» Your task: Return the data below unchanged. Drop any pictures.

» Data section:
# # # #

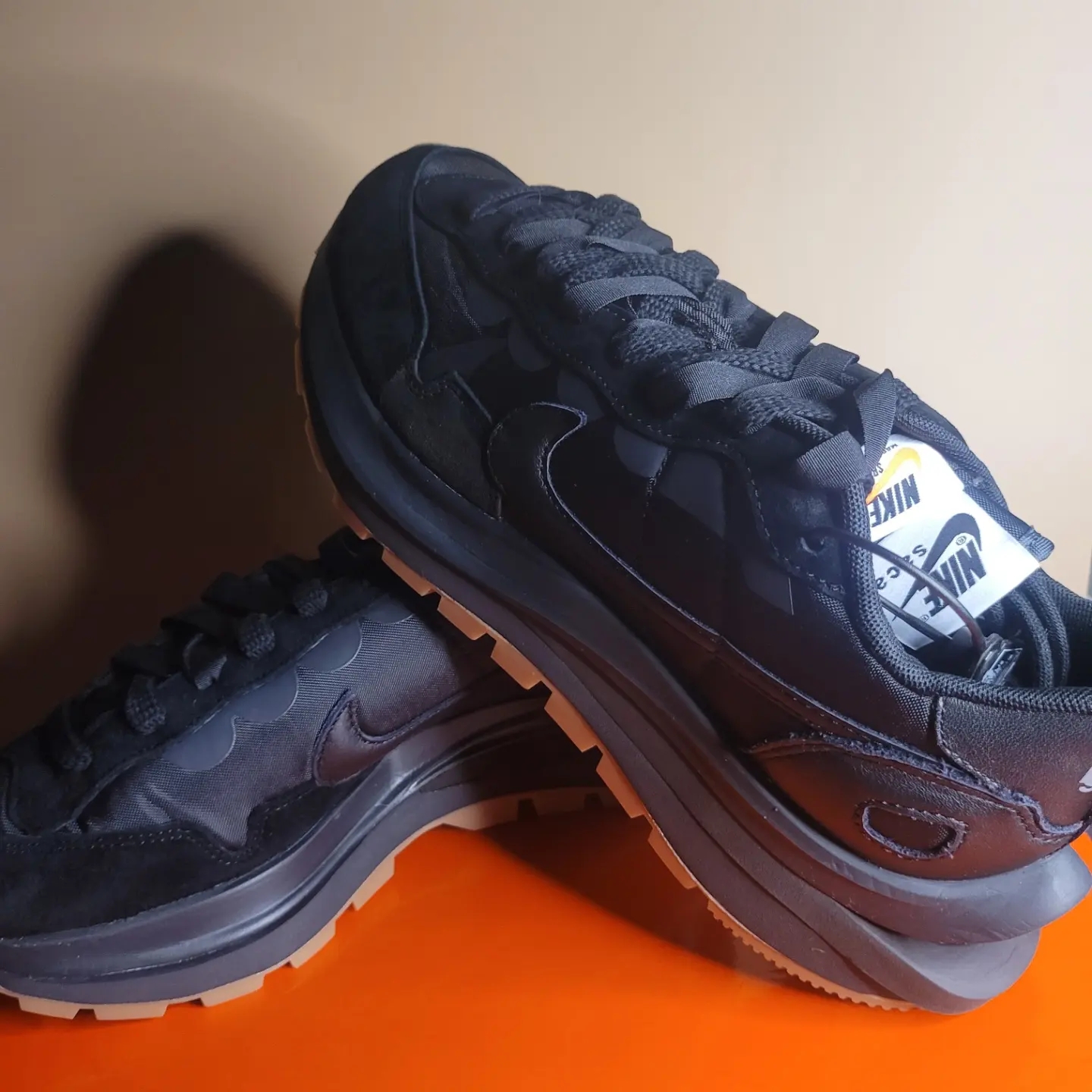 Nike x Sacai VaporWaffle Black and Gum 착용 스타일 - 1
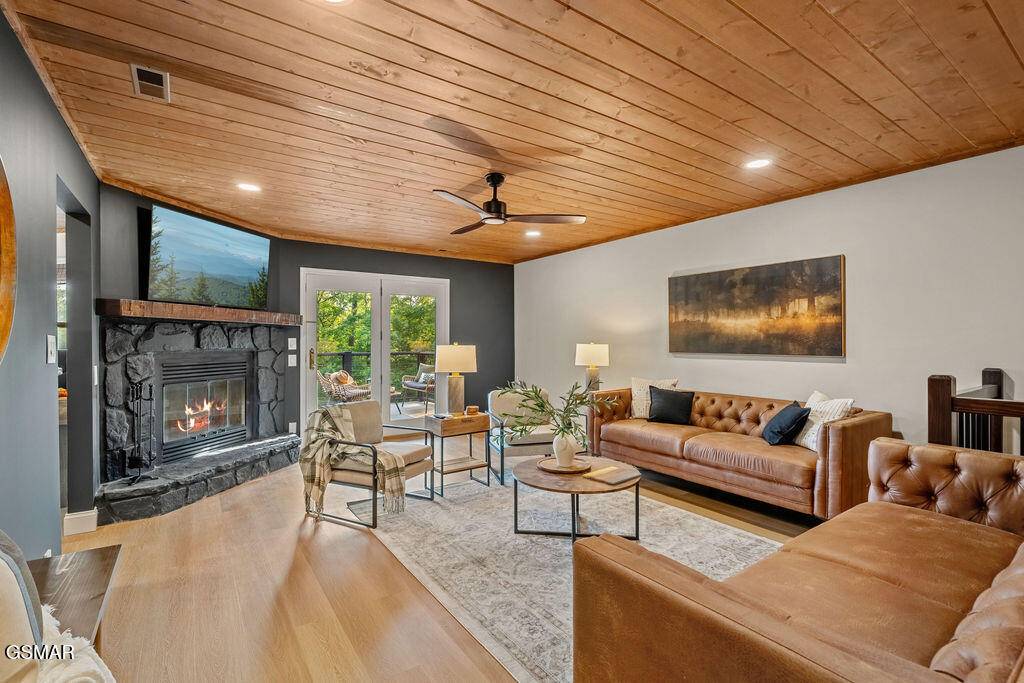 Sevierville, TN 37876,4822 White Pine WAY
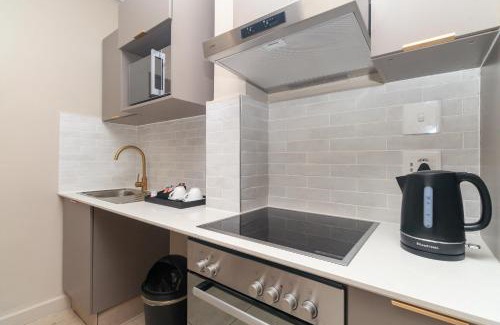 Sandown Hotel | Cans BlackBrick lux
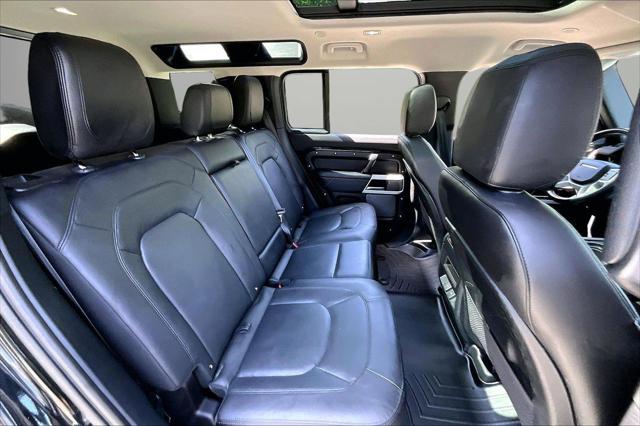 2024 Land Rover Defender 110 P300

# # # #

» Written response:
 Nike x Sacai VaporWaffle Black and Gum 착용 스타일 - 1
 Sevierville, TN 37876,4822 White Pine WAY
 Sandown Hotel | Cans BlackBrick lux
 2024 Land Rover Defender 110 P300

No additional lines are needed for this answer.